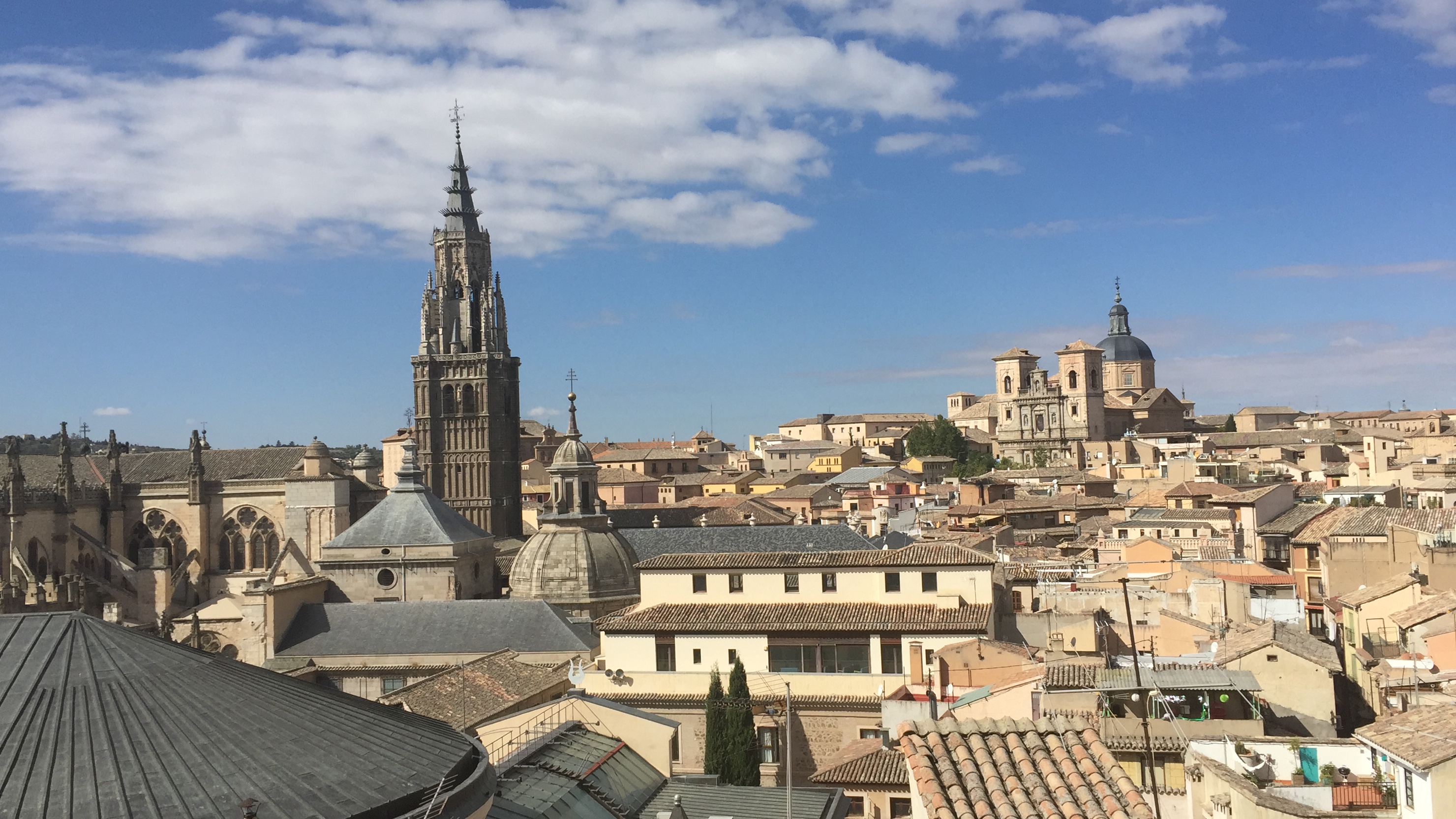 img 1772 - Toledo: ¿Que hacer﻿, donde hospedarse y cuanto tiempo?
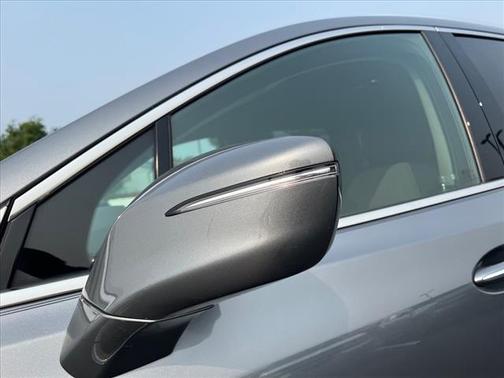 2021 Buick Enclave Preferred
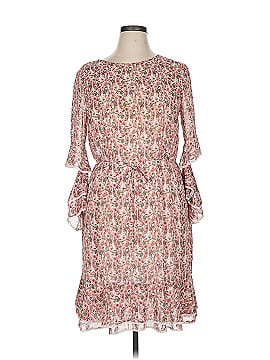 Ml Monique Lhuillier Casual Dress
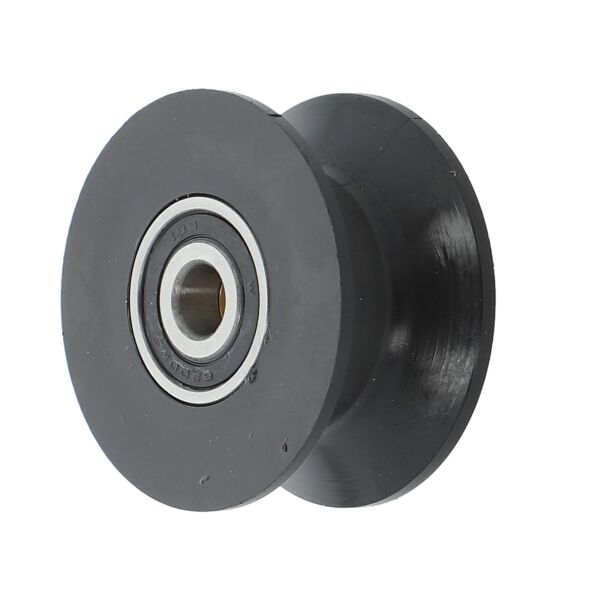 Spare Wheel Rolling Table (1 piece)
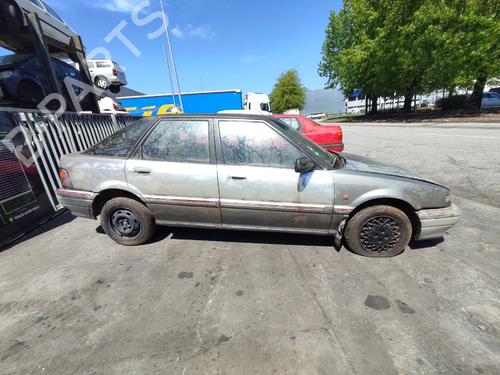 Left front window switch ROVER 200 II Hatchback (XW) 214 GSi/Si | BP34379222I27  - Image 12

================================

§ WORK REQUEST
Excluding the pictures, restate word for word the lines from the one that holds "Ml Monique Lhuillier Casual Dress" through the last line of the entries, both ends included.

§ SOLUTION TO THE EXERCISE
 Ml Monique Lhuillier Casual Dress
 Spare Wheel Rolling Table (1 piece)
 Left front window switch ROVER 200 II Hatchback (XW) 214 GSi/Si | BP34379222I27  - Image 12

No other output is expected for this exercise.